The age-old discussion of the stock market rise and drop is something that has been analyzed and talked about for years. And as we’ve seen in recent weeks, it has created headlines on almost all major news outlets again.
Despite some of the decline that we’ve seen this last week, the Dow Jones Industrial Average and the Standard & Poor (S&P) 500 both have reached historical numbers this year, with an overall monumental month in January. Many of the varying inclines and declines that we are seeing in the market are simply what we’ve seen for decades – the market correcting itself, interest rates changing, tax reforms effects, and more.
Why This Shouldn't Scare You or Change How You're Invested
J.P. Morgan Chase recently released its Q1 2018 Market Insights Report, which highlights the S&P 500 intra-year declines versus calendar year returns. The report – evaluating data from 1980 to 2017 – states that “over this period, the average annual return was 8.8%, and despite some average intra-year drops of 13.8%, annual returns have been positive in the 29 of 38 years.”
There’s no doubt that there will continue to be drops in the market, just as we have seen recently. But in general, there should be no cause to ‘panic’ each time this happens. Drops in the market are normal – as historical data has indicated – and it shouldn’t scare you and or change how you’ve invested. Rather, it’s something that you should be prepared for by having a strong mix in your portfolio.

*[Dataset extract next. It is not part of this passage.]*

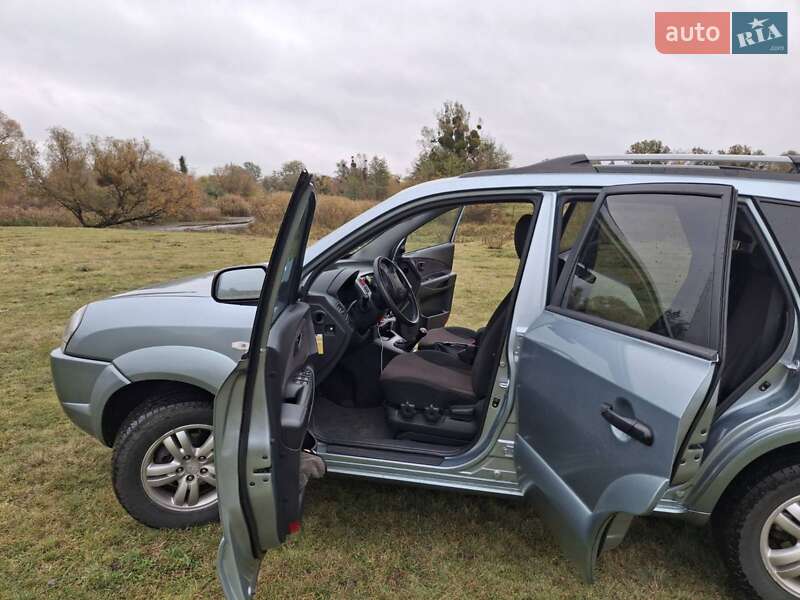 Внедорожник / Кроссовер Hyundai Tucson 2007 в Ахтырке фото 3 Внедорожник / Кроссовер Hyundai Tucson 2007 в Ахтырке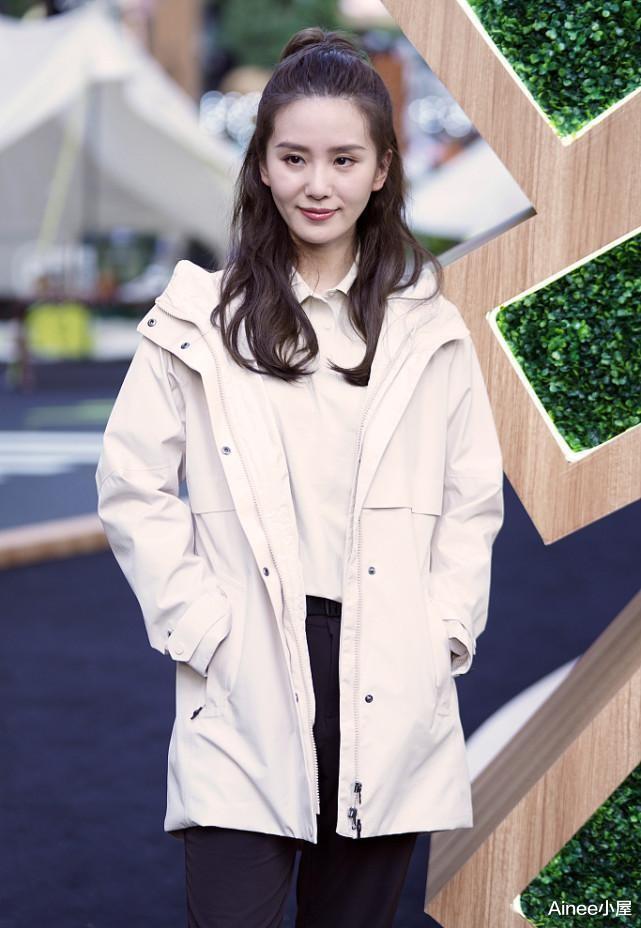 穿衣搭配|刘诗诗穿衣挺普通的,工装风衣配POLO衫都挺复古,但气质好优雅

There is Still Positive Momentum
According to a recent article in Barron’s on Jan. 27th titled “An Investment Pro Who’s Seen It All Still Sees Upside for Stocks,” there is still positive momentum for the stock market. The article highlights points from a recent interview with Marvin Schwartz, a renowned investor, who indicates that the stock market will continue to rise due to the following reasons:
- Tax Reform Impact: There is very little incentive for U.S. companies to move abroad, given the new tax rate (10% on foreign earnings) is less than the new 21% U.S. rate.
- Gross Domestic Product Expected to Grow: We’re going into a year where gross domestic product will grow 3.5% to 4%, instead of the 2% growth we’ve seen in recent years. With this type of growth, there’s no doubt that we will see capital expenditure take off in 2018 and be stronger in 2019.
- Earnings Estimates for 2018 and 2019 are Up: When the tax reform passed, many did not think it would take effect until Jan. 1, 2019, which caused portfolio managers and analysts to not revise their 2018 earnings estimates -- until now. The consensus estimate for 2017 operating earnings was $132, up from $119 in 2016; in 2018, the consensus estimate is for $153, a 16% improvement; and for 2019, the estimate is $165, which are all positive for the stock market.
- Companies are Putting Money to Work: Through mergers and acquisitions, capital expenditures, dividends and/or buybacks, we will see more companies put money to work. Share buybacks are expected to grow in 2018 – which is the re-acquisition by a company of its own stock and represents a more flexible way of returning money to shareholders. Mergers and acquisitions volume should also increase, utilizing roughly $1 trillion in cash per year.
- Consumers will Continue to Spend More: Minimum wages are increasing, which should lead to more money to be poured into the economy. This will possibly lead to inflation and higher rates. However, it’s expected that consumer price inflation for 2018 will be 2.5% to 3%, which is still below the 50-year average of 4.1%. Although these rates will rise, it’s unlikely they will rise to the level that could hinder expansion. As of February 2nd, 2018 the average hourly earnings for workers increased the most in January since mid-2009.
The stock market rally over the last few years, and subsequent drop that we have seen in the recent week, is no cause for concern at this time. There are many opportunities for investors to have a positive outlook. Certainly, it’s important to be aware of what the trends are and how this may impact markets, but perhaps the focus should be more on how this can pose a “buying” opportunity, and one that investors can optimize on when the market drops.
At M.J. Smith and Associates, we are here to help you navigate through this and prepare for the cycles of the stock market. The market will likely continue to show an overall increase in 2018 and 2019, with probable drops along the way. Our advice to you is to see this as an opportunity.